The problem: Output the lines from the one containing "Balloon vase 25 cm, Blue Louise Roe" through the last line of the material below, exactly; please do not include pictures.
─── The data ───
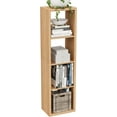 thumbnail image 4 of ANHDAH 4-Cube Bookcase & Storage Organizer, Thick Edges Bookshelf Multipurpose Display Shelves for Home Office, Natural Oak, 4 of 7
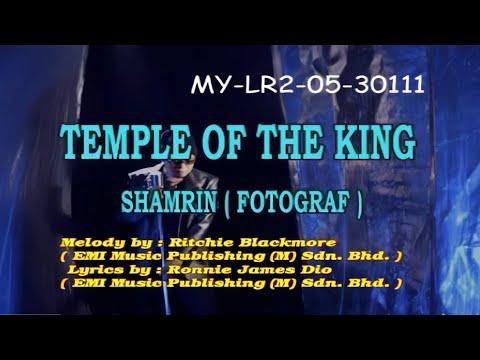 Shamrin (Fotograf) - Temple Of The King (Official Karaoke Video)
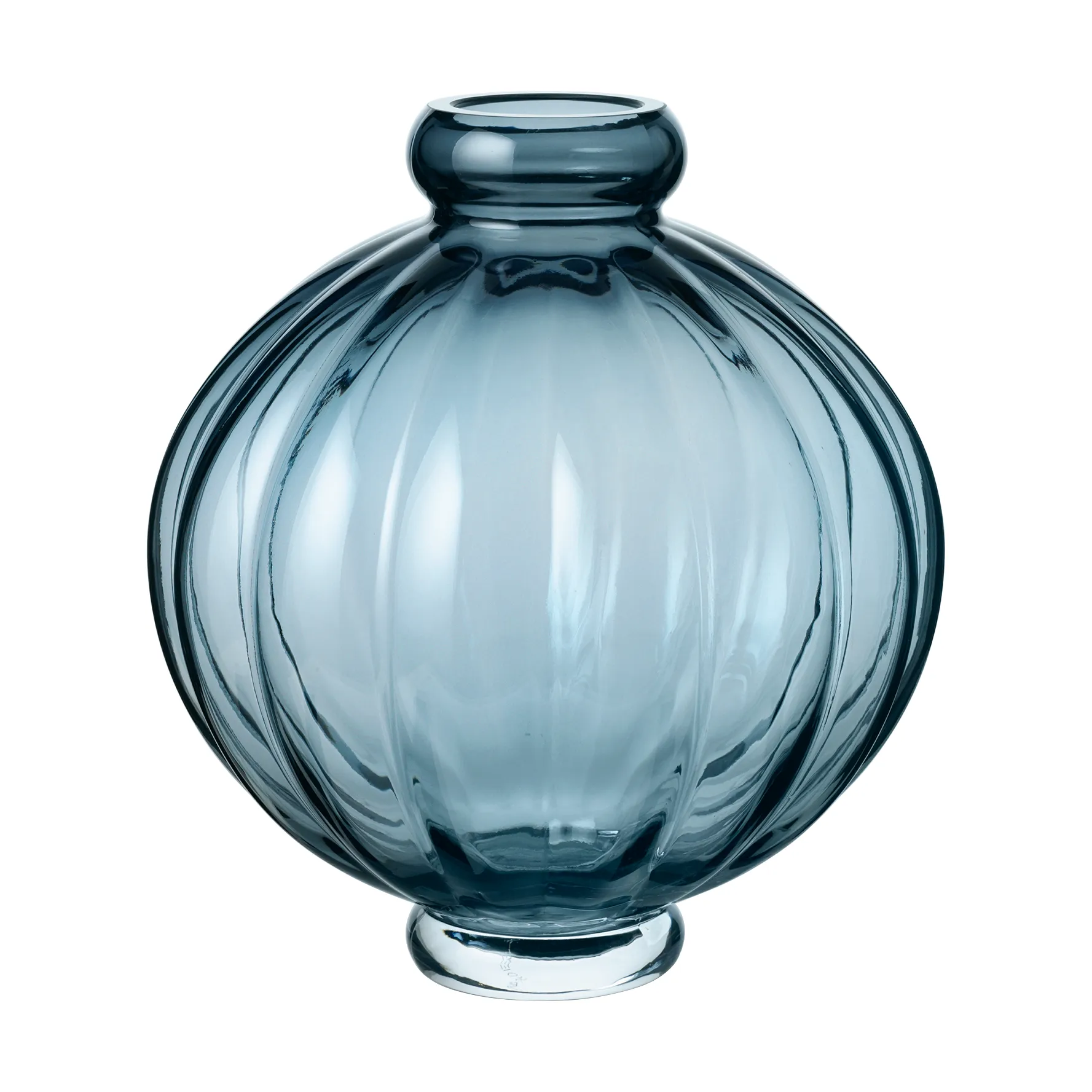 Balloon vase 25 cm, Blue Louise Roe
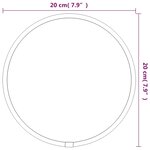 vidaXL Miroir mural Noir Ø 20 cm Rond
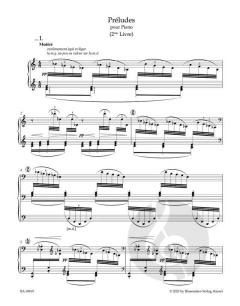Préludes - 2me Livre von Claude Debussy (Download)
───
Output of the exercise:
 Balloon vase 25 cm, Blue Louise Roe
 vidaXL Miroir mural Noir Ø 20 cm Rond
Préludes - 2me Livre von Claude Debussy (Download)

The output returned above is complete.